Learn Reinforcement Learning with PyTorch, Part 1.1: Introduction—The Course, the Blog, and Why PyTorch

2024-06-10 · Artintellica

Welcome! This is the first entry in Artintellica’s Reinforcement Learning series—a practical, code-driven open-source course where we build mathematical foundations and RL agents from vectors to deep Q-networks, all with PyTorch. Whether you’ve found us via GitHub, search, or your love of math and code, thank you. This blog is intended for ambitious beginners who want more than a “black box” approach.

What sets this course apart?

Code-first: Every exercise uses Python, and everything is done in code—even math.
Open source: Every post, example, and dataset is MIT licensed. Fork, modify, use!
Math-backed: We’ll use mathematics where appropriate—but always paired with concrete, hands-on coding.
PyTorch-powered: PyTorch is now the dominant RL and deep learning research tool, with a gentle learning curve, intuitive tensor ops, and blazing performance on CPUs and GPUs.

This first post serves as both an orientation and your first hands-on steps: installing PyTorch, running “Hello Tensors”, and manipulating your first data structures.

What Will You Learn?

This post will help you:

Understand how this RL course is structured (and what comes next)
Install PyTorch on your system using the uv package manager
Create and manipulate your first torch.Tensor objects
Move tensors between CPU and GPU (if available)
Run and interpret your first PyTorch computation

Each concept comes with code and hands-on exercises. By the end, you’ll be ready for the math and code engine that powers everything in modern deep learning (and, soon, RL!).
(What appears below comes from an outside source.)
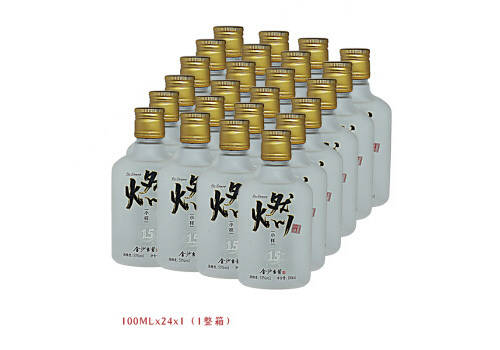 53度贵州金沙古酒燃小样15酱香型白酒100mlx24瓶整箱价格？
Why PyTorch? Why Not Just Numpy?

PyTorch is a numeric computation library like NumPy, but with several important differences that make it essential for modern ML and RL:

Automatic Differentiation: Critical for optimization and training models.
Hardware Acceleration: Fast computation on CPUs, GPUs (CUDA), and Apple Silicon (MPS) with almost no code changes.
Dynamic Graphs: Models can be defined and modified “on the fly”, perfect for research and RL.
Neural Network Utilities: Everything from layers to RL-specific frameworks.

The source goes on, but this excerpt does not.